*** Recorded information ***
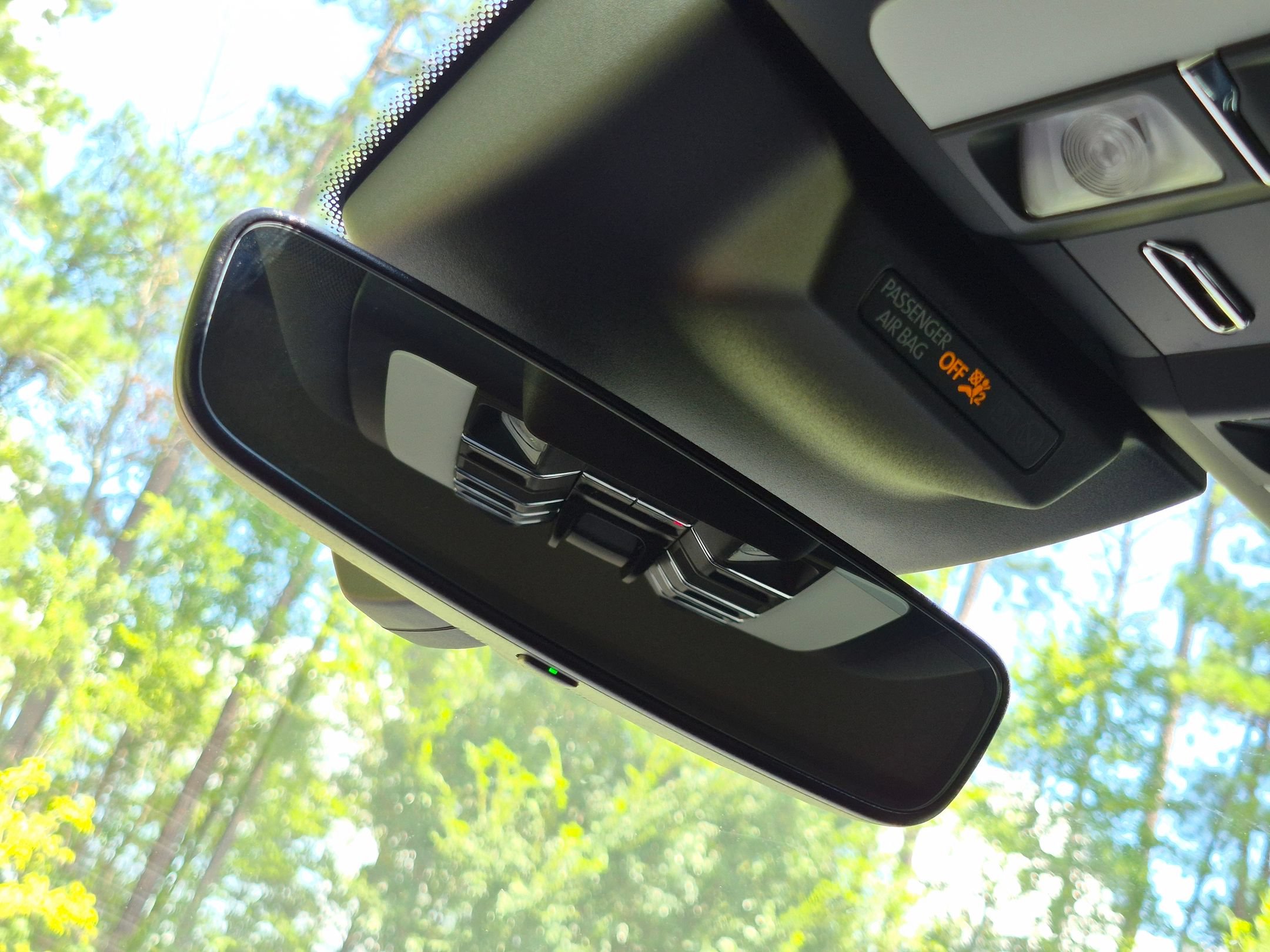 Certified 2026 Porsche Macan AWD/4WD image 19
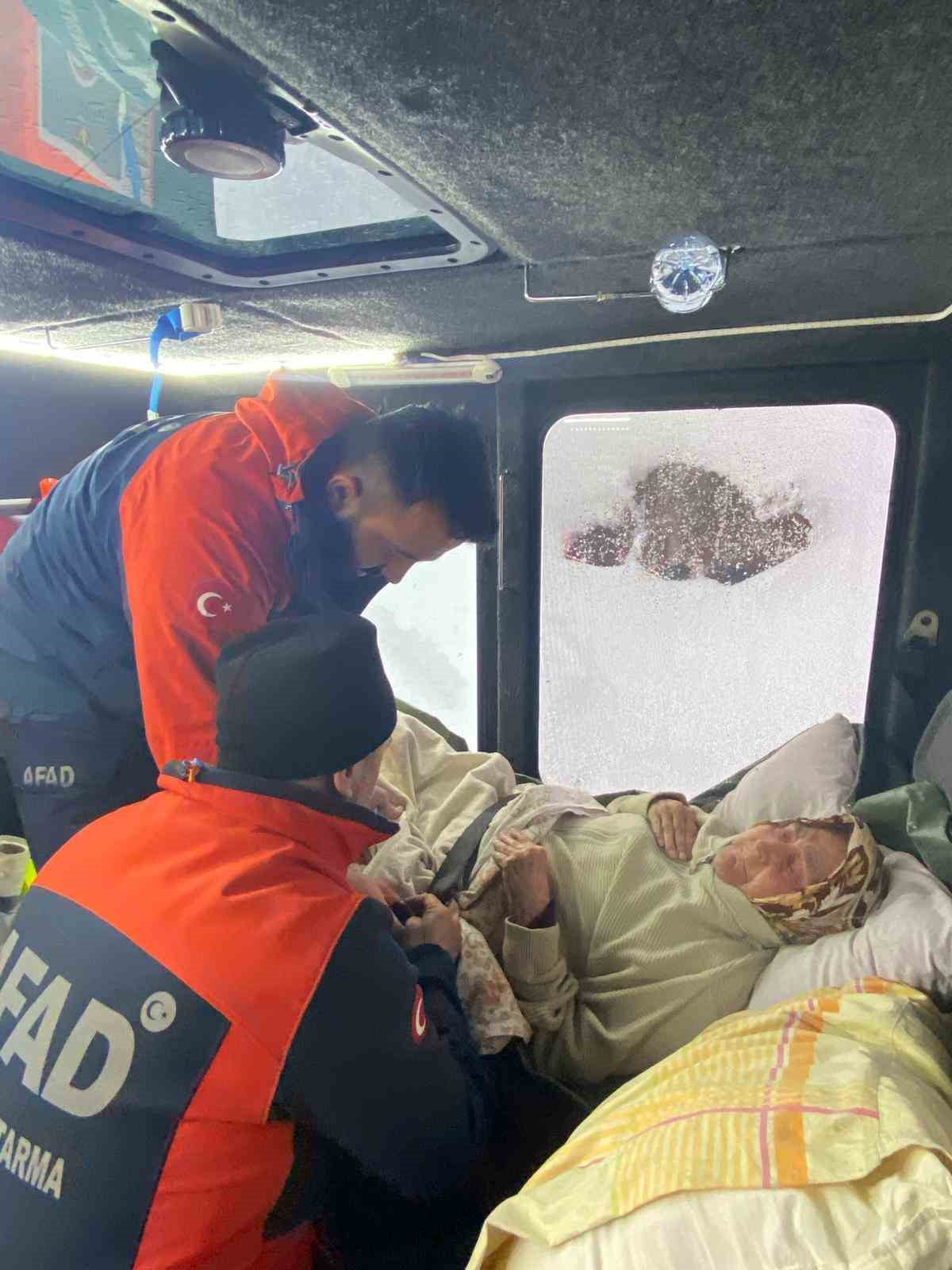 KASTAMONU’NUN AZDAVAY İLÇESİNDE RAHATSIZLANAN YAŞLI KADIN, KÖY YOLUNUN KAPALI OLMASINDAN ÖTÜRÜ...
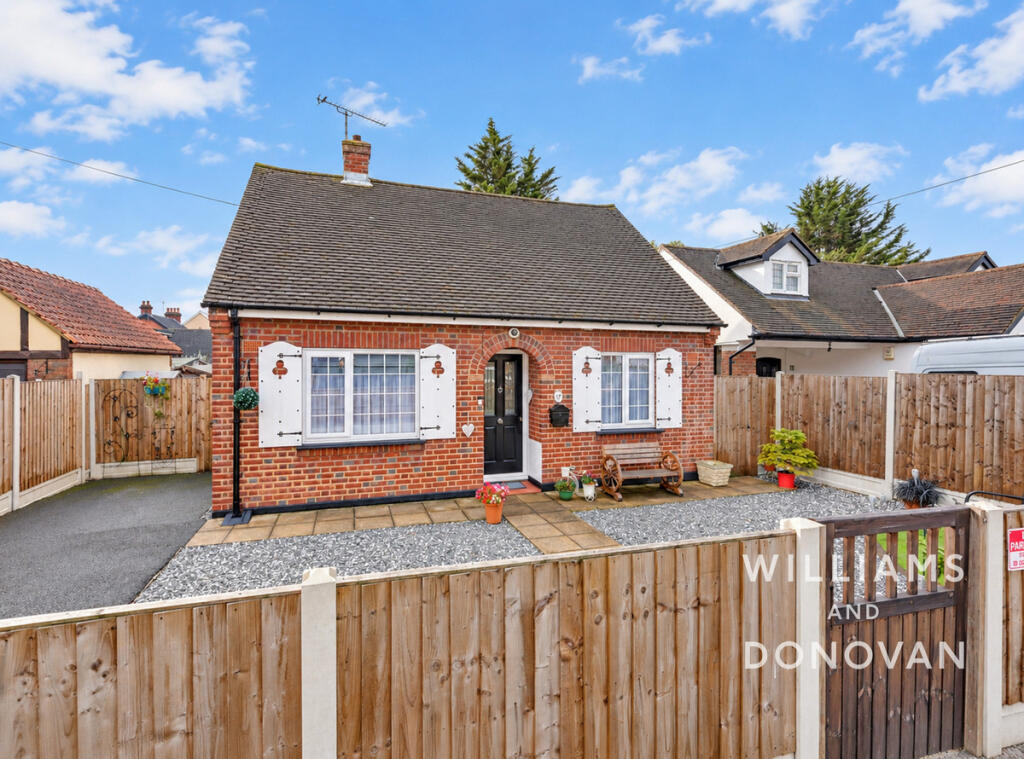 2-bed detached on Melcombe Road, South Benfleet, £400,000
*** End of Recorded information ***
• **What you have to do**:
Print the lines from the one that contains "KASTAMONU’NUN AZDAVAY İLÇESİNDE" through the last line of the data, exactly and in full, and no other lines. Pictures are not part of the copy.

• **Answer box**:
 KASTAMONU’NUN AZDAVAY İLÇESİNDE RAHATSIZLANAN YAŞLI KADIN, KÖY YOLUNUN KAPALI OLMASINDAN ÖTÜRÜ...
 2-bed detached on Melcombe Road, South Benfleet, £400,000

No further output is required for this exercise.